About ten years ago a strange incident occurred at Moreton Hall, a housing estate just outside Bury St Edmunds where my mother was working. She took a walk in the garden of her place of work just after dusk and thought she saw a large, dark animal of some kind lying stretched out on the branch of a cedar; she distinctly saw a tail curve up over the creature’s body. Naturally, she went inside and a about half an hour later she saw blue lights as a police car drew up outside. Two policemen reported that local residents had reported seeing a black ‘puma’ and advised everyone to keep inside until they had carried out an investigation. My mother never heard anything further and I don’t think the incident ever made it to the local paper.
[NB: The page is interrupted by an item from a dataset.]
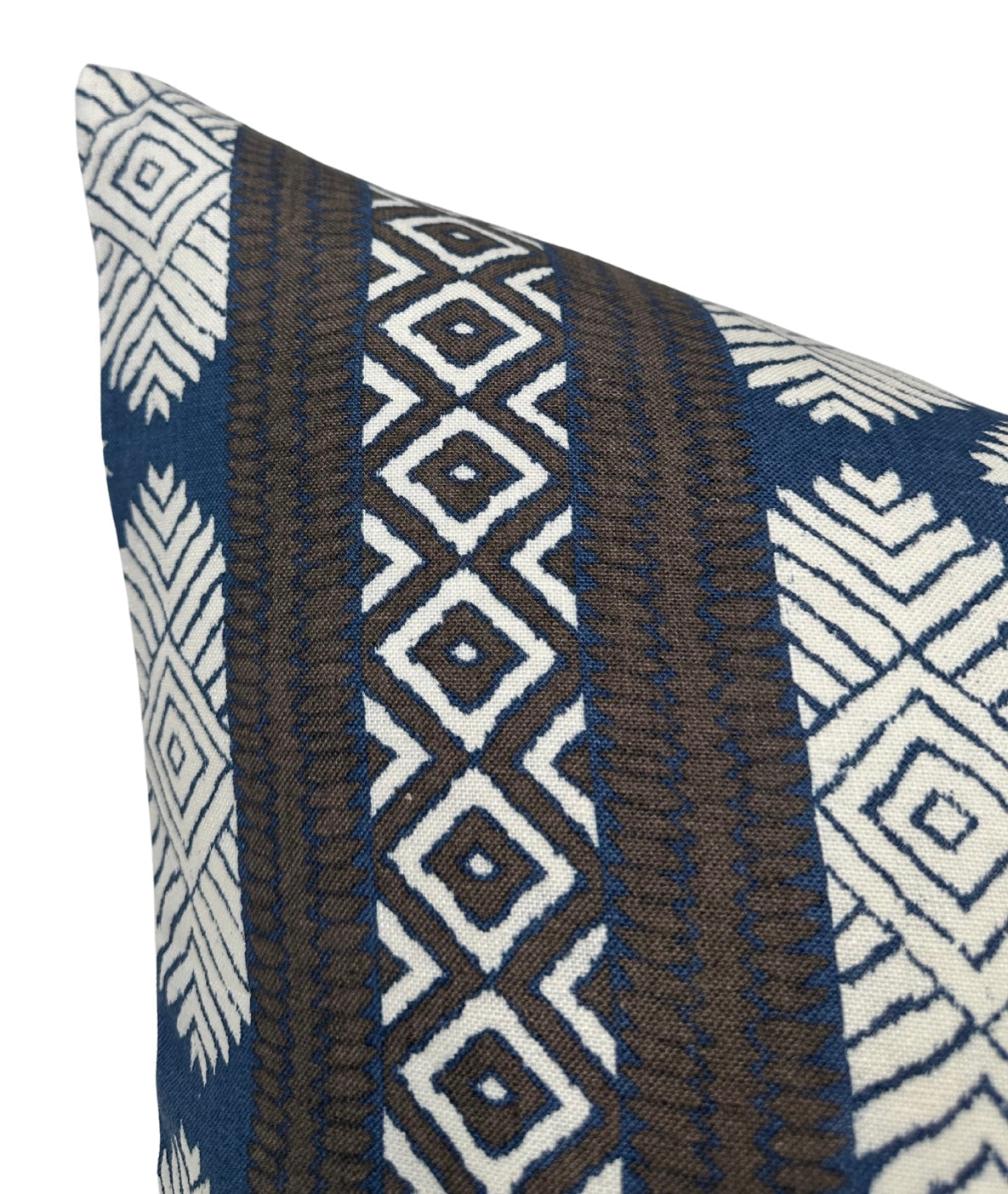 Austin Pillow Cover in Brown + Navy, Thibaut Pillows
As I’m sure you know, ‘black dog’ sightings had a tendency to morph into ‘big cat’ sightings in the latter part of the 20th century, although in my own view they are simply cultural reinterpretations of the same phenomenon. As I’m sure you are also aware, Suffolk is the original home of black dog stories, beginning with A Straunge and Terrible Wunder, the pamphlet describing the black dog of Bungay in 1577.”